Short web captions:

- Opening Delimiter -

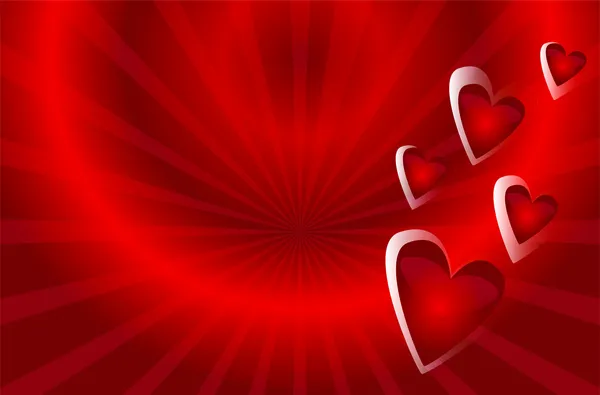 Vector fondo rojo con corazones — Archivo Imágenes Vectoriales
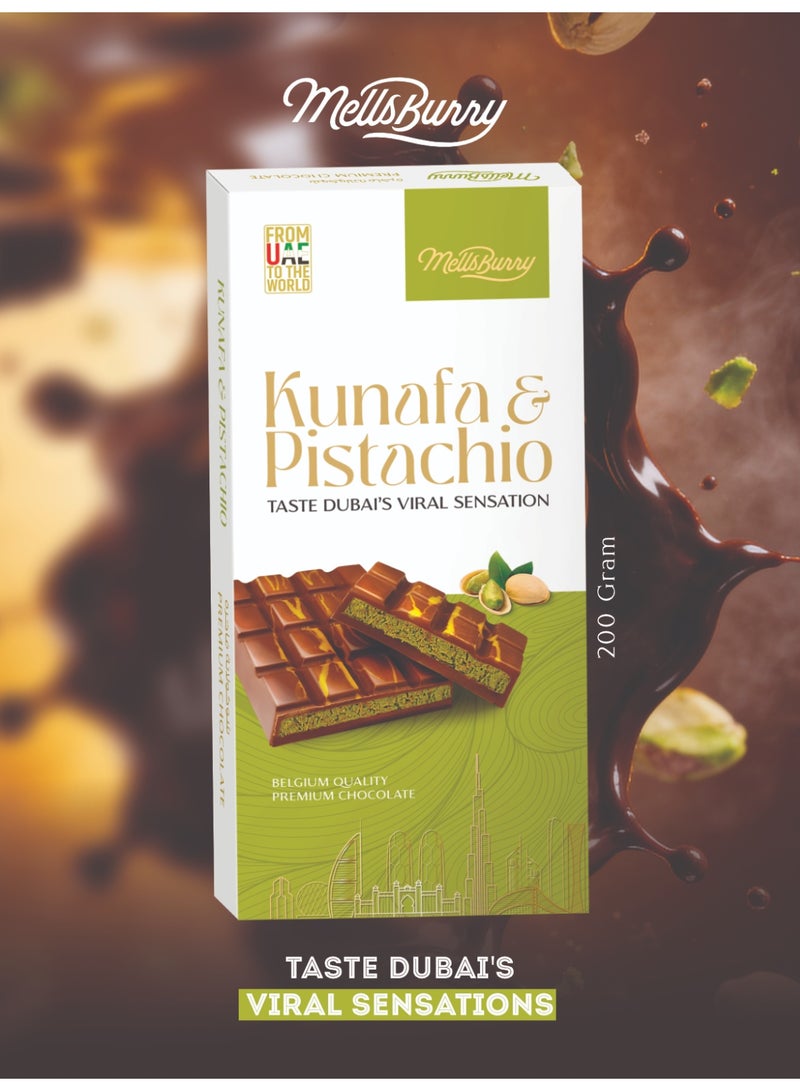 MELLSBURRY Kunafa & Pistachio 200g | Belgium Quality Premium Chocolate | Dubai Viral Dessert Flavor | Rich Pistachio Filling - Image 5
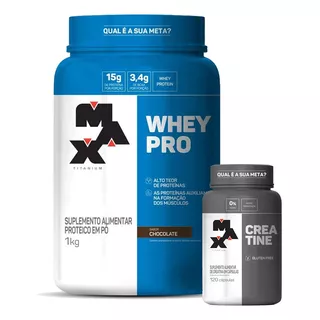 Combo Whey Protein 1kg E Creatina 120 Cápsulas Max Titanium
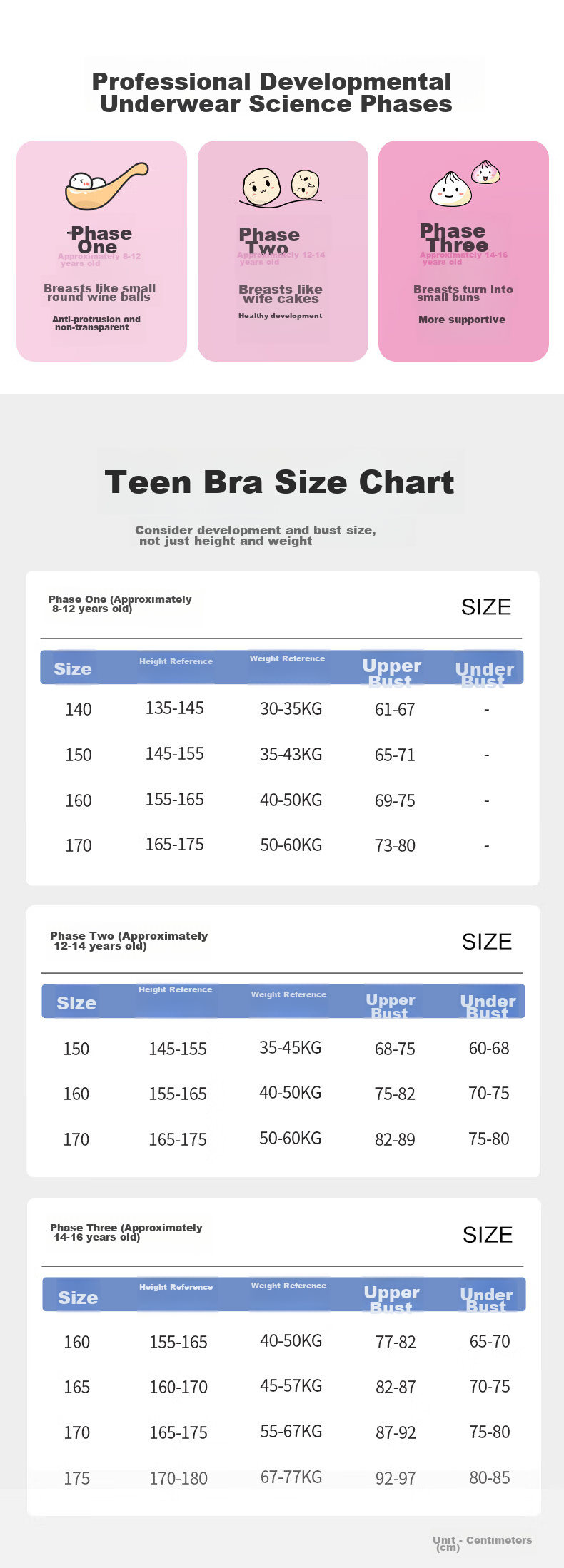 Aimer Junior Girls' Bra, for Older Girls in Puberty, Milk Skin, Antibacterial, Second Stage, Mid-Length Vest AJ115F412, Second Stage 160 6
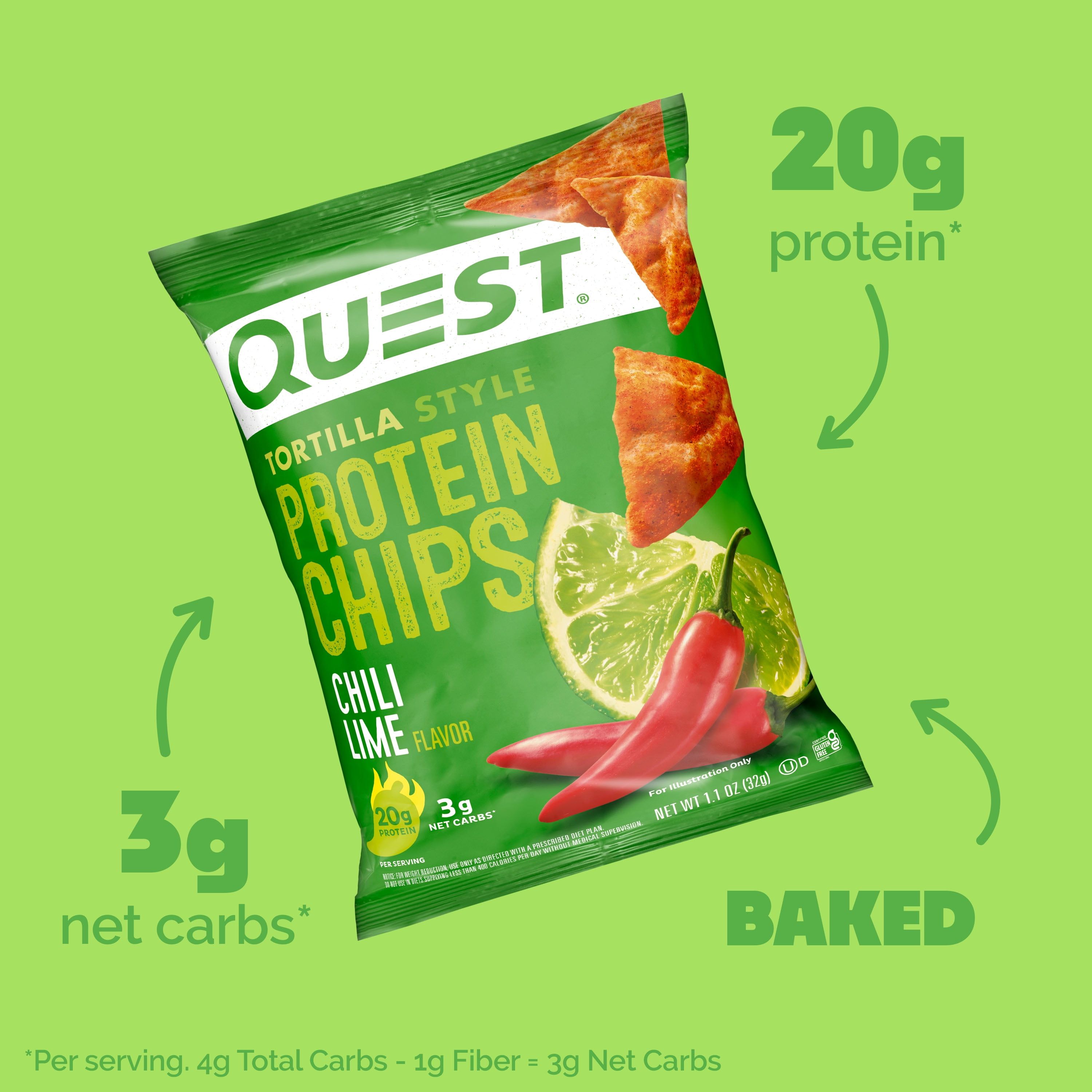 Quest Tortilla Style Protein Chips, Chili Lime Flavored, Baked, 1.1oz Bags, 12 Count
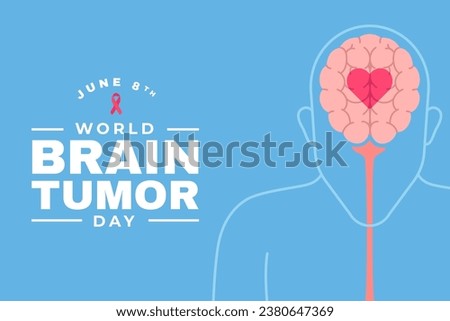 illustration of a healthy brain on a blue background. World Brain Tumor Day June 8.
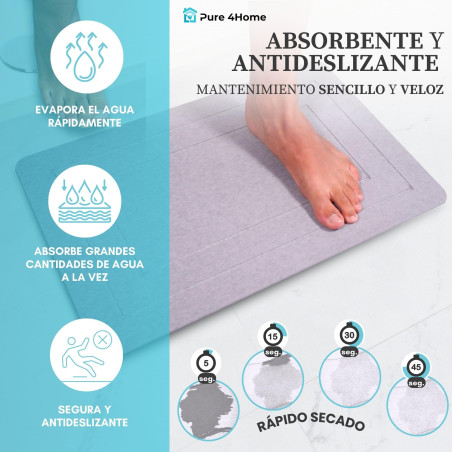 Pure 4Home Alfombra Diatomita Baño 60x40 – Secado Rápido, Antideslizante y Antibacteriana – Alfombrilla Piedra Diatomita S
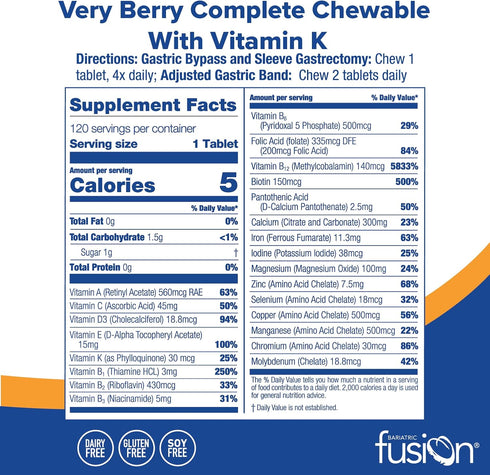 Bariatric Fusion Very Berry Complete Chewable Multivitamin with Iron & Vitamin K - 120 Tablets for Bariatric Patients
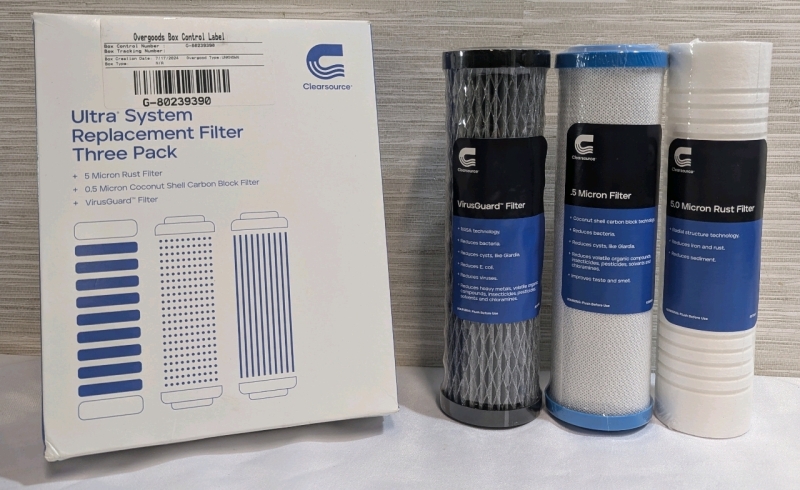 New: Ultra System Replacement Filter 3-Pack - 5 Micron Rust Filter - 0.5 Micron Coconut Shell Carbon Block Filter - VirusGuard Filter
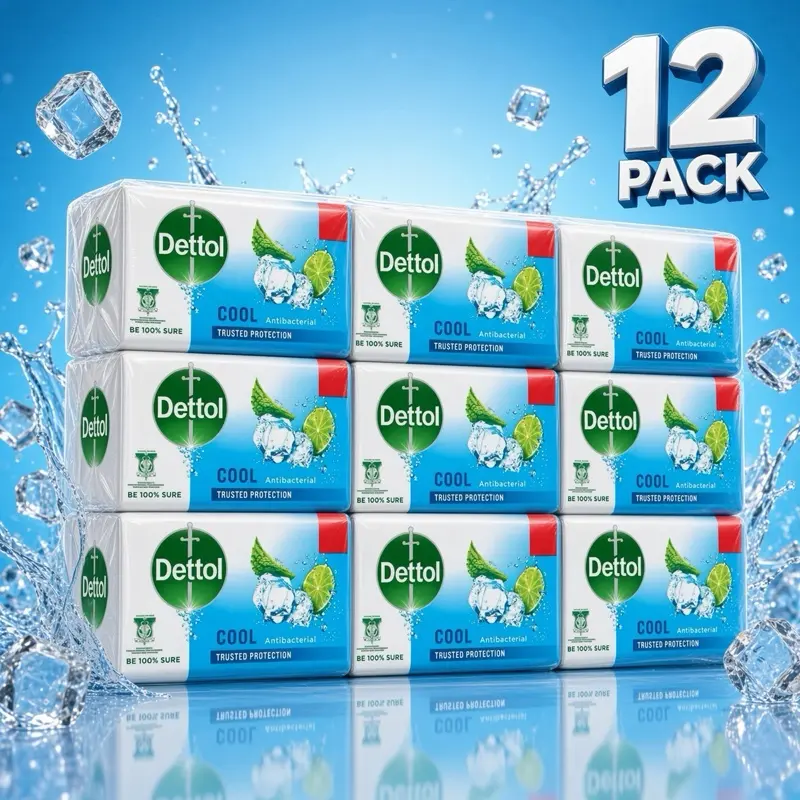 Dettol Antibacterial Soap Bar, 100g (Pack of 12) - Cool Scent, Body Care Cleanser for Everyday Use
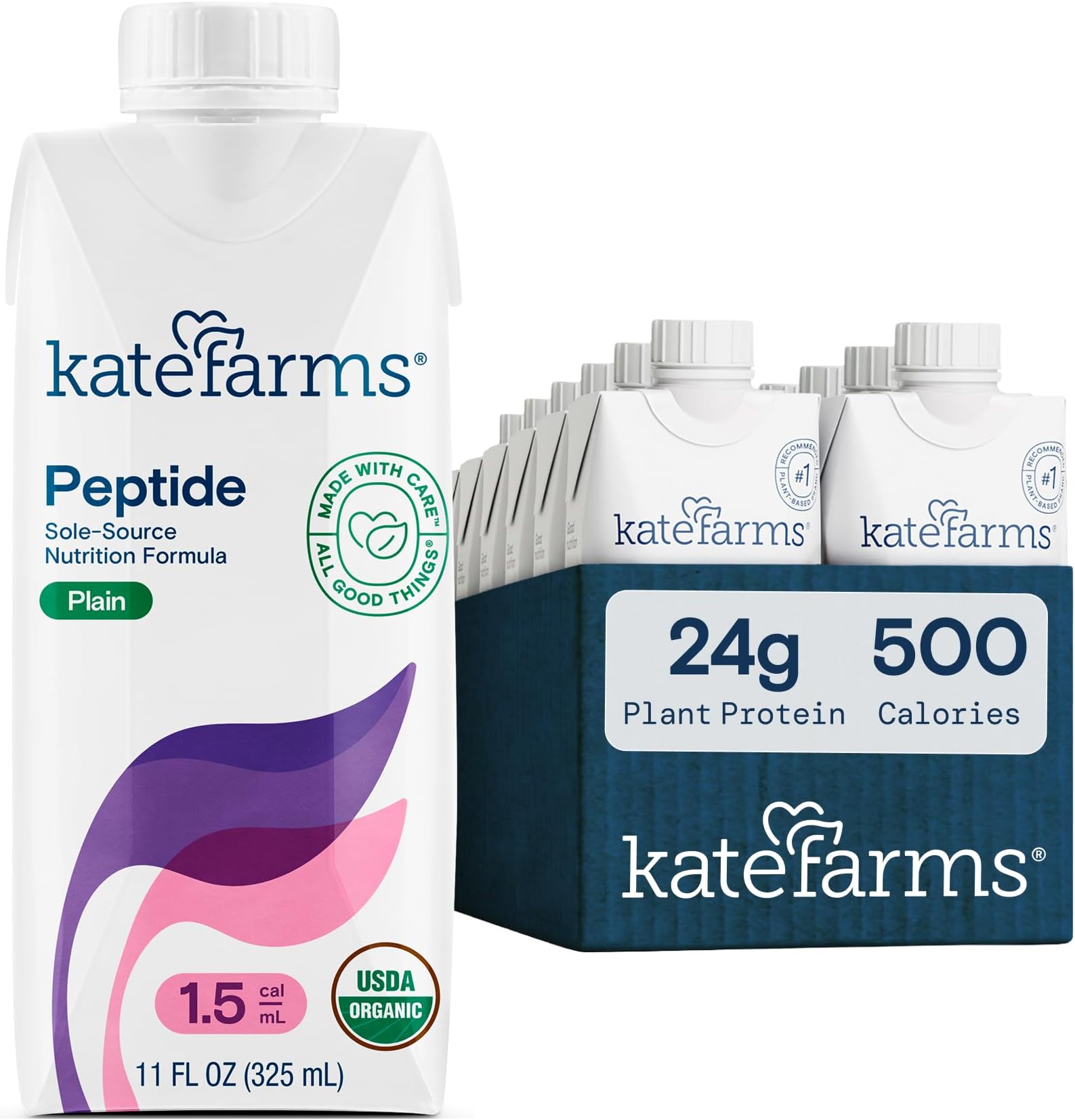 KATE FARMS Organic Adult Peptide 1.5 Formula, Plain, Sole-Source, Hydrolyzed Plant-Based Nutrition for Oral or Tube Feeding, 11 Fl oz (12 Pack)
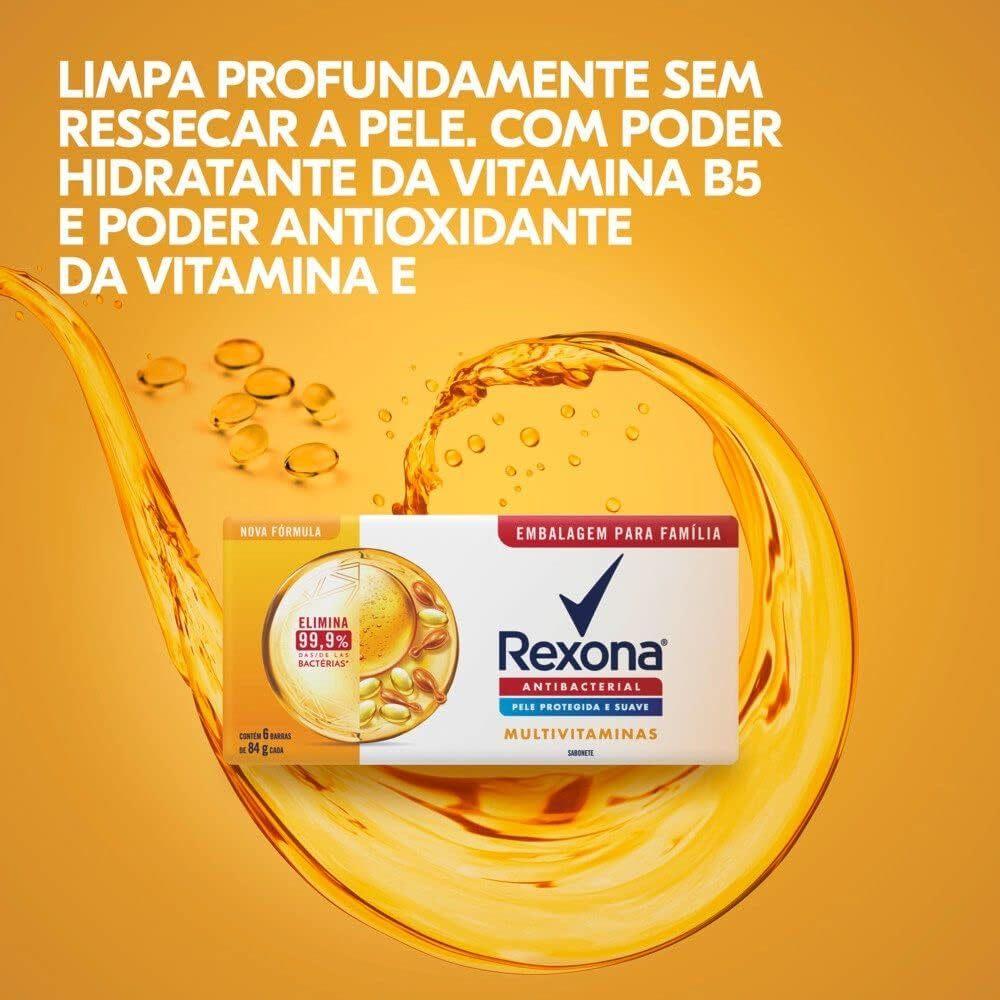Kit Sabonete Em Barra Rexona Antibacterial Multivitaminas 6 Unidades De 84g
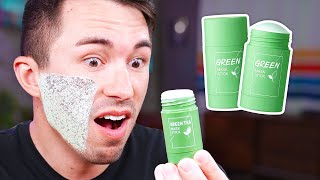 Men Try the Viral quotMiraclequot Green Stick Mask  Does It Work [upl. by Longawa]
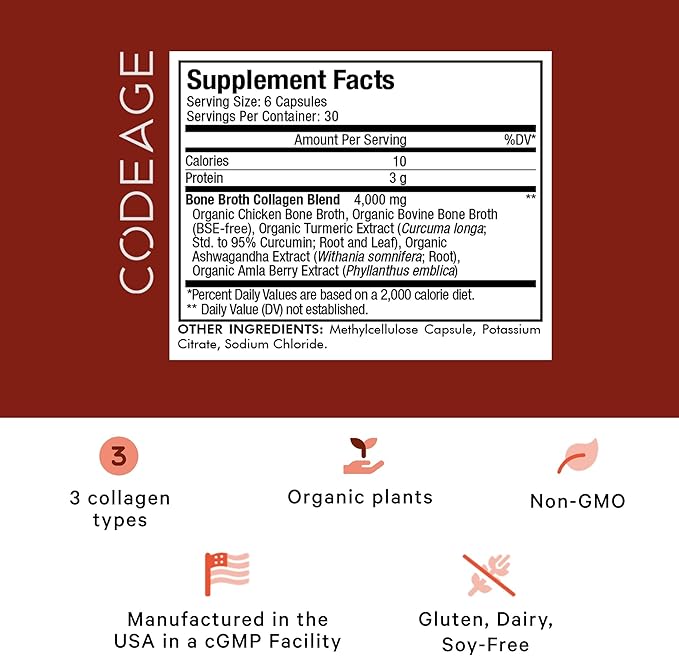 Codeage Organic Bone Broth Collagen Peptides Capsules Supplement, Grass Fed Beef Bone Broth, Free-Range Chicken Bone Broth, Turmeric & Ashwagandha - Collagen Types I, II, III - Non-GMO - 180 Capsules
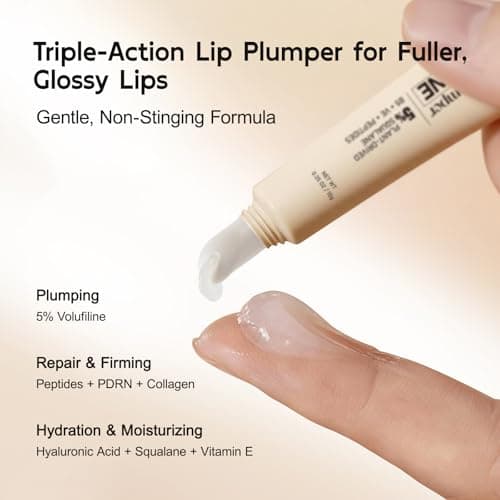 YouthVibe 5% Volufiline Lip Serum & Gloss, Hydrating Lip Care with Shea Butter, Collagen, Peptide & PDRN - Fuller-Looking Lips Over Time, No Burning or Tingling, Non-Sticky Essence - Clear - Thumbnail 4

- Closing Delimiter -

_The problem_
Could you write out all the records exactly, without the pictures?

_Answer to this exercise_
 Vector fondo rojo con corazones — Archivo Imágenes Vectoriales
 MELLSBURRY Kunafa & Pistachio 200g | Belgium Quality Premium Chocolate | Dubai Viral Dessert Flavor | Rich Pistachio Filling - Image 5
 Combo Whey Protein 1kg E Creatina 120 Cápsulas Max Titanium
 Aimer Junior Girls' Bra, for Older Girls in Puberty, Milk Skin, Antibacterial, Second Stage, Mid-Length Vest AJ115F412, Second Stage 160 6
 Quest Tortilla Style Protein Chips, Chili Lime Flavored, Baked, 1.1oz Bags, 12 Count
 illustration of a healthy brain on a blue background. World Brain Tumor Day June 8.
 Pure 4Home Alfombra Diatomita Baño 60x40 – Secado Rápido, Antideslizante y Antibacteriana – Alfombrilla Piedra Diatomita S
 Bariatric Fusion Very Berry Complete Chewable Multivitamin with Iron & Vitamin K - 120 Tablets for Bariatric Patients
 New: Ultra System Replacement Filter 3-Pack - 5 Micron Rust Filter - 0.5 Micron Coconut Shell Carbon Block Filter - VirusGuard Filter
 Dettol Antibacterial Soap Bar, 100g (Pack of 12) - Cool Scent, Body Care Cleanser for Everyday Use
 KATE FARMS Organic Adult Peptide 1.5 Formula, Plain, Sole-Source, Hydrolyzed Plant-Based Nutrition for Oral or Tube Feeding, 11 Fl oz (12 Pack)
Kit Sabonete Em Barra Rexona Antibacterial Multivitaminas 6 Unidades De 84g
 Men Try the Viral quotMiraclequot Green Stick Mask  Does It Work [upl. by Longawa]
 Codeage Organic Bone Broth Collagen Peptides Capsules Supplement, Grass Fed Beef Bone Broth, Free-Range Chicken Bone Broth, Turmeric & Ashwagandha - Collagen Types I, II, III - Non-GMO - 180 Capsules
 YouthVibe 5% Volufiline Lip Serum & Gloss, Hydrating Lip Care with Shea Butter, Collagen, Peptide & PDRN - Fuller-Looking Lips Over Time, No Burning or Tingling, Non-Sticky Essence - Clear - Thumbnail 4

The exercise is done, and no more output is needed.